Mengisi formulir dan menyerahkan ke KPP Pratama

Cara ini merupakan cara konvensional dimana kita mengisi formulir sesuai dengan total penghasilan (bruto) setahun. Isi saja sesuai dengan formulir lapor pajak yang diberika perusahaan (jika Anda bekerja di perusahaan). Lalu, kita hanya cukup datang ke KPP Pratama terdekat untuk menyampaikan SPT tersebut. Cara seperti ini belum pernah saya lakukan. Menurut teman - teman saya, kalau lapor pajaknya jauh hari sebelum deadline masih santai antrinya. Tapi, kalau sudah mepet deadline ya harus sabar mengantri.

Mengisi formulir dan memasukkan ke dropbox yang tersedia

Nah, kalau tidak mau mengantri di KPP. kita bisa menyampaikan SPT via dropbox yang sudah disediakan. Untuk mencari informasi ini kita harus tahu beberapa lokasi dropbox. Cukup dengan memasukkan formulit ke amplop coklat lalu kita masukkan ke dropbox terdekat.

Mengisi formulir online

Sebenarnya ada cara mudah dalam pelaporan pajak. Kita bisa melaporkan online di aplikasi e-filling. Untuk dapat menggunakan layanan online, kita perlu membuat EFIN. EFIN merupakan Electronic Filing Identification Number yang diterbitkan oleh kantor pajak. Kita harus mengajukan permohonan untuk mendapatkan EFIN terlebih dahulu. Pengalaman dulu waktu di Jakarta saya ke KPP untuk mengajukan EFIN. Formulirnya sudah disediakan oleh perusahaan tempat saya bekerja. Saya isi formulir tersebut dan mengantri di KPP untuk mendapatkan EFIN.

Setelah mendapatkan EFIN, kita bisa menggunakan aplikasi e-filling. Kita harus mendaftar terlebih dahulu di menu pendaftaran. Jika sudah selesai, kita cek email untuk mendapatkan konfirmasi. Setelah sukses, langkah yang harus dilakukan untuk melaporkan SPT yaitu :

  1. Login dengan menggunakan NPWP dan password yang sudah kita buat.
  2. Klik Buat SPT.
  3. Isi formulirnya dengan lengkap. Kita pilih formulir sesuai dengan jumlah penghasilan. Kalau penghasilan di bawah Rp 60.000.000 menggunakan formulir 1770 SS.
  4. Klik simpan untuk menyimpan formulir yang terbuat.
  5. Masuk ke dashboard lagi untuk klik kirim SPT.
  6. Pilih record, lalu klik kirim.
  7. Kita akan di minta untuk melakukan verifikasi. Pilih antara verifikasi via sms atau via email.

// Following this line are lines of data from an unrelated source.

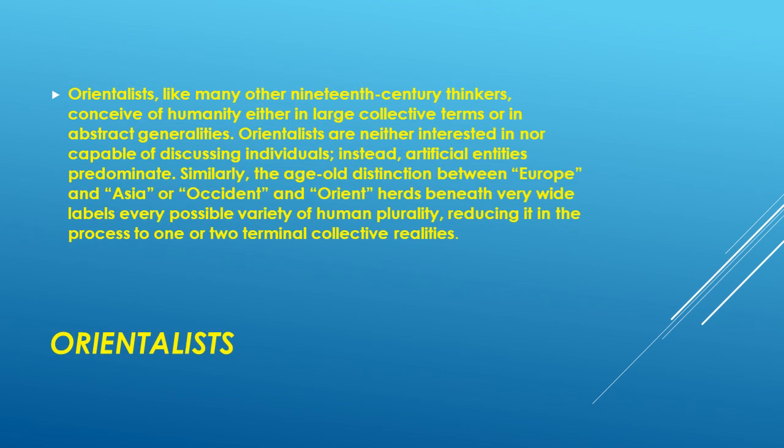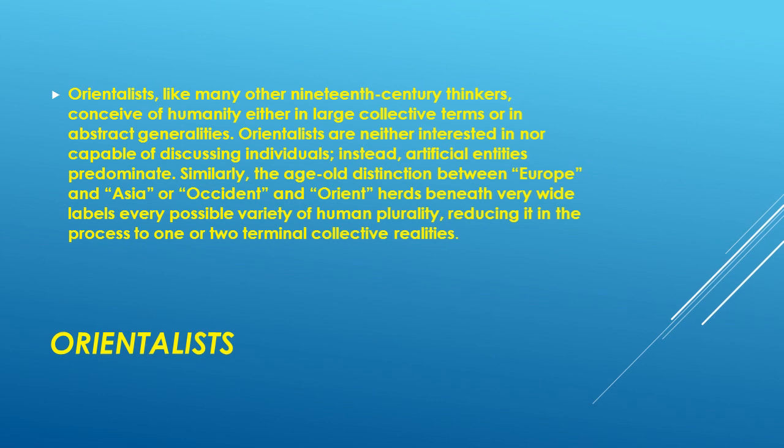Orientalists, like many other 19th-century thinkers, conceive of humanity either in large collective terms or in abstract generalities. Orientalists are neither interested in nor capable of discussing individuals. Instead, artificial entities predominate. Similarly, the age-old distinction between Europe and Asia, or Occident and Orient, herds beneath very wide labels every possible variety of human plurality, reducing it in the process to one or two terminal collective realities.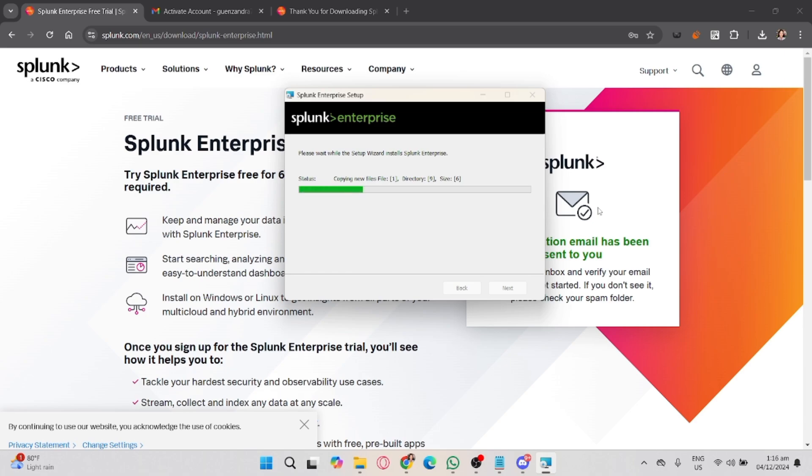And that's it! That's how to download Splunk. If you found this video helpful, don't forget to like, share, and subscribe to the YouTube channel.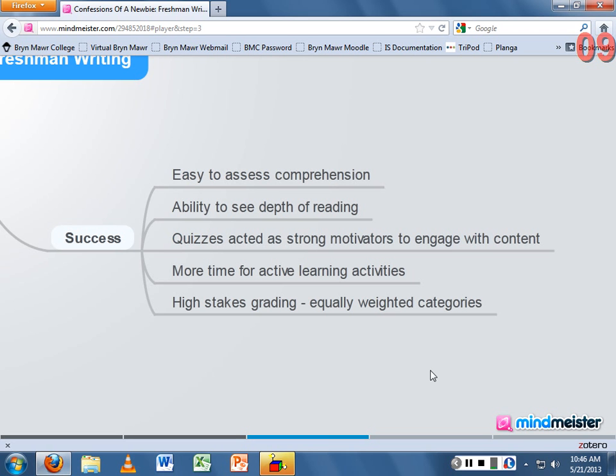I'm also big on assigning points for attendance, and that's one area where I think I have some pedagogical issues, but it's a work in progress.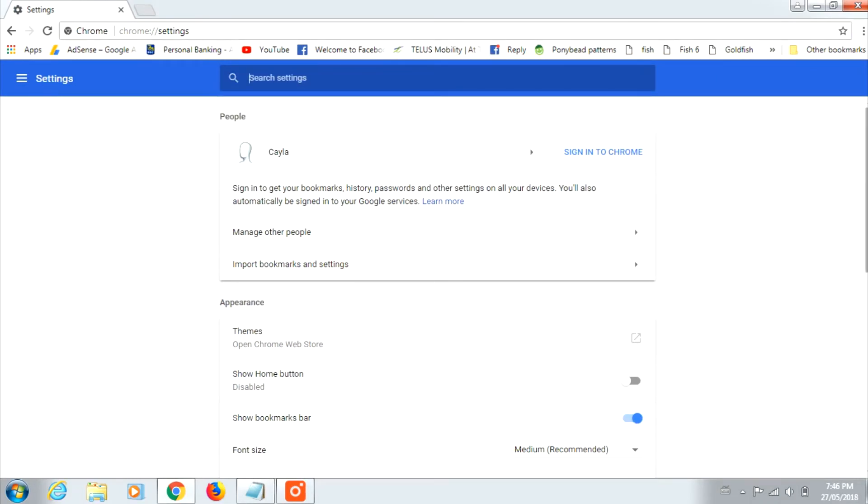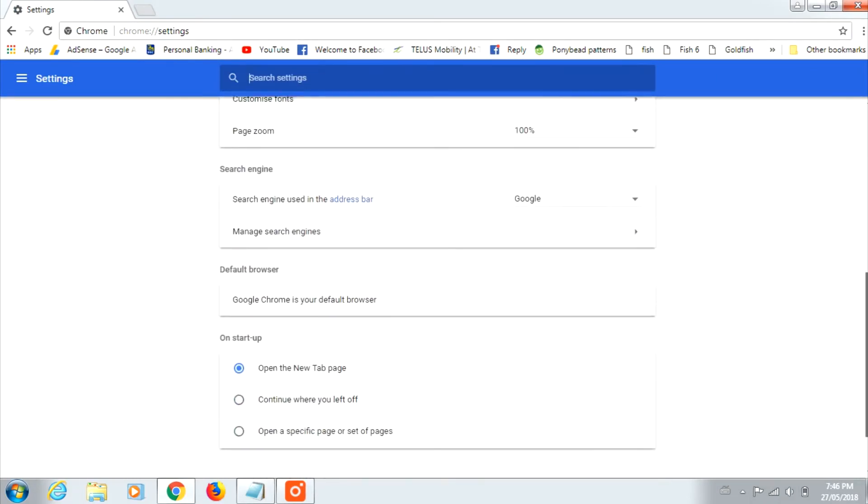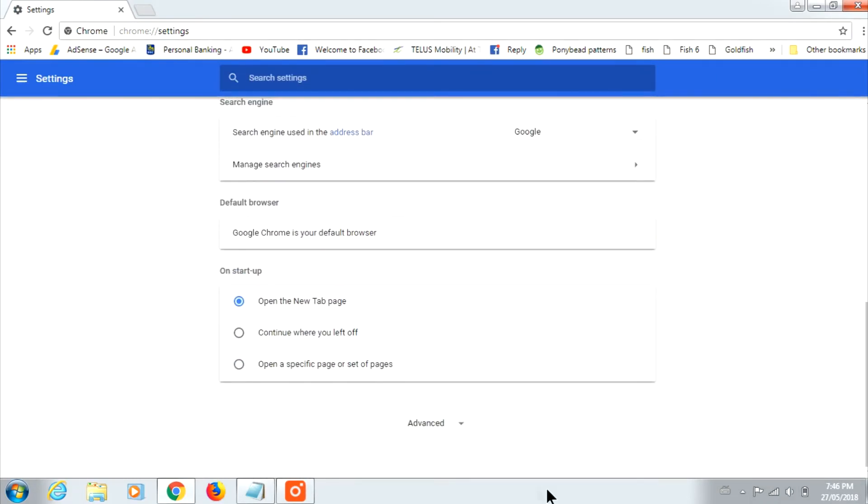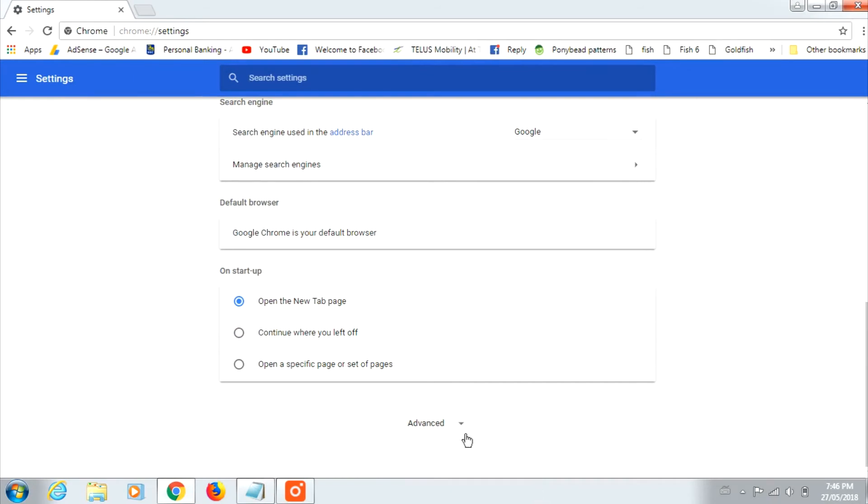Scroll down and click on Advanced. Now scroll down again.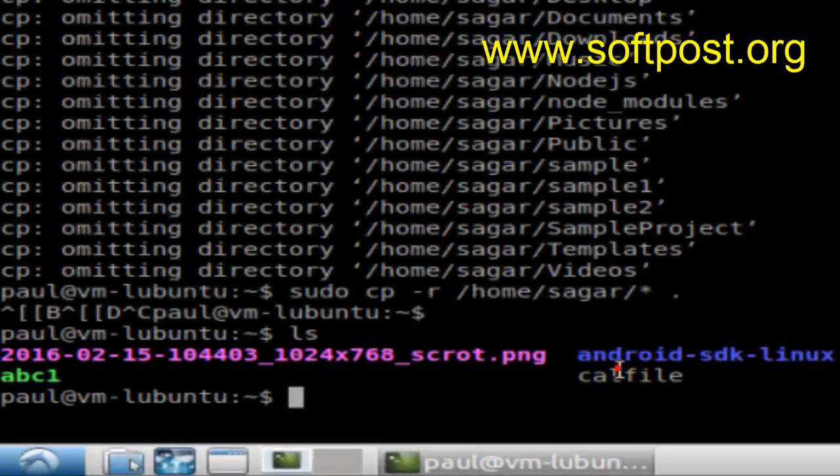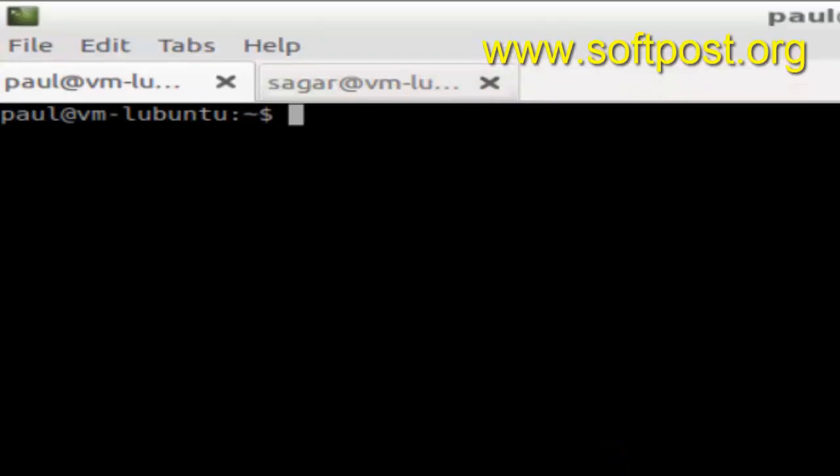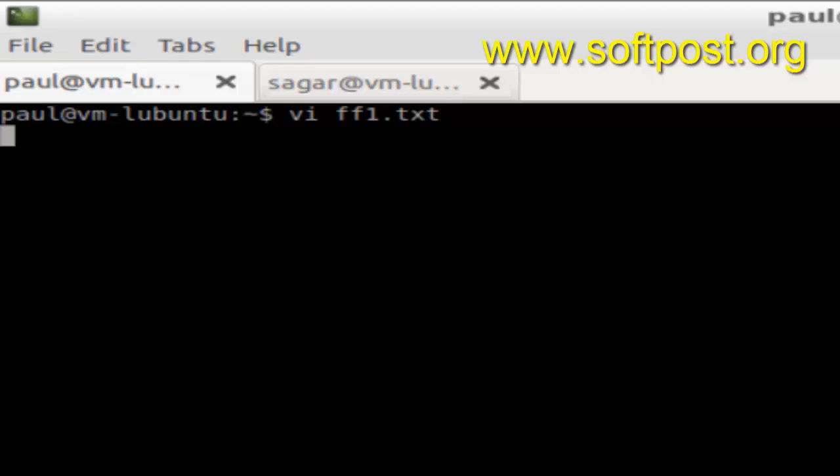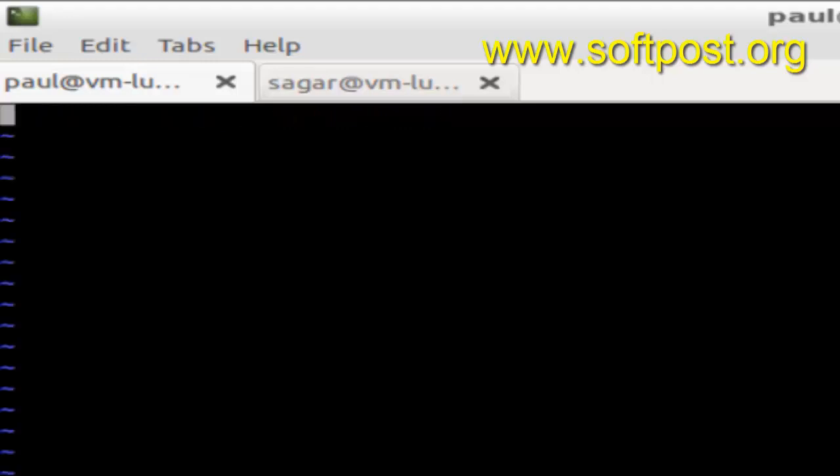Hi there, in this video I'm going to show you how you can exit the vi editor. So I'm just going to open a vi editor to edit one file, say ff1.txt, and it will launch vi. So here in vi you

Lalu masukkan kode verifikasi tersebut.
  8. Klik kirim dan akan muncul notifikasi sukses.
  9. Kita juga bisa melakukan pembetulan jika terdapat kesalahan pada pengisian.

Kalau masih bingung kita bisa menonton video tutorial yang berada di menu tutorial. Disitu berisi lengkap tutorial mengisi, dan mengirim SPT.

Kesimpulan

Terserah Anda lebih suka cara yang mana untuk melaporkan pajak. Tapi, saya lebih cenderung ke pelaporan online. Mudah dan cepat, hanya perlu mengantri satu kali saja saat pembuatan EFIN. Untung saja diingetin Nyonya kalau saya sudah pernah pakai aplikasi e-filling dulu di Jakarta. Jadi tidak perlu datang ke KPP.